The challenge before India and Pakistan is to link the hearts of the people in both countries, Human Resource Development Minister Kapil Sibal said while releasing a Pakistani author's book.
“People in both the countries are the same. They are people who think good about India…people who think good about Pakistan and we need to link the hearts of people of both the countries,” Sibal said at the launch of the book "Smoke without Fire: Portraits of Pre-Partition Delhi" Tuesday.
The book has been penned by Pakistani writer Abdul Rehman Siddiqqui, who has talked about Delhi and its culture before India's partition in 1947.
Sibal said though the capital has witnessed massive changes with flyovers, the Metro and high-rise buildings, somewhere its soul was restless.
“After partition, the city has witnessed so much, which is unforgettable. But we need to remember the Delhi which was (there) before partition,” the minister said.

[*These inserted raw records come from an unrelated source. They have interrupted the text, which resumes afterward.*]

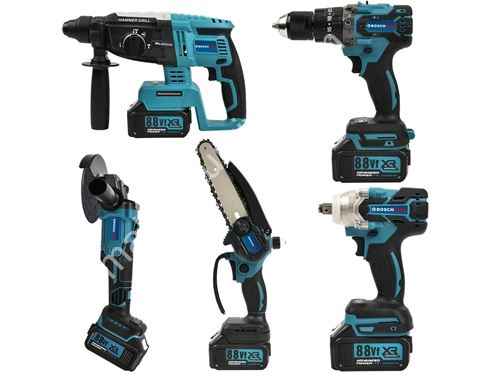 Avuç Taşlama, Kırıcı Delici Hilti, Somun Sıkma Sökme, Vidalama Matkap, Budama Testere 5'Li Set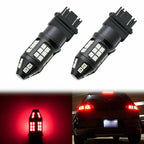 Red 3156 3157 40-SMD Flash Blinking Strobe LED Brake Tail Light Bulbs for 2x (2010–2020)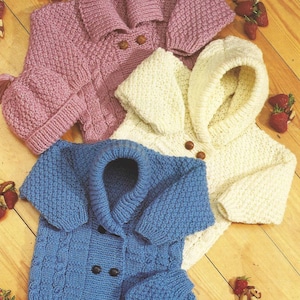 PDF Instant  Digital Download baby child Aran cardigans hat mittens knitting pattern 16 to 24 inch (2547)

“When I go to Pakistan, it seems I’m home and when Pakistanis come here, they also feel the same. The people of both countries think good for each other. The borders of the hearts of the people of these countries must be broken,” he added.
“This book illustrates how strong the ties are between our two countries. Though a geographical border exists, the soul is the same. The book is not just fascinating reading, it’s of great historic importance as it documents the life and times of a bygone era so effectively.”
Author Siddiqqui, who was present at the launch, had spent his childhood and days of youth in the capital.
“I have been living in Pakistan for a long time and my children have nothing to do with India. But my heart will always lie in the beautiful city of Delhi,” he said.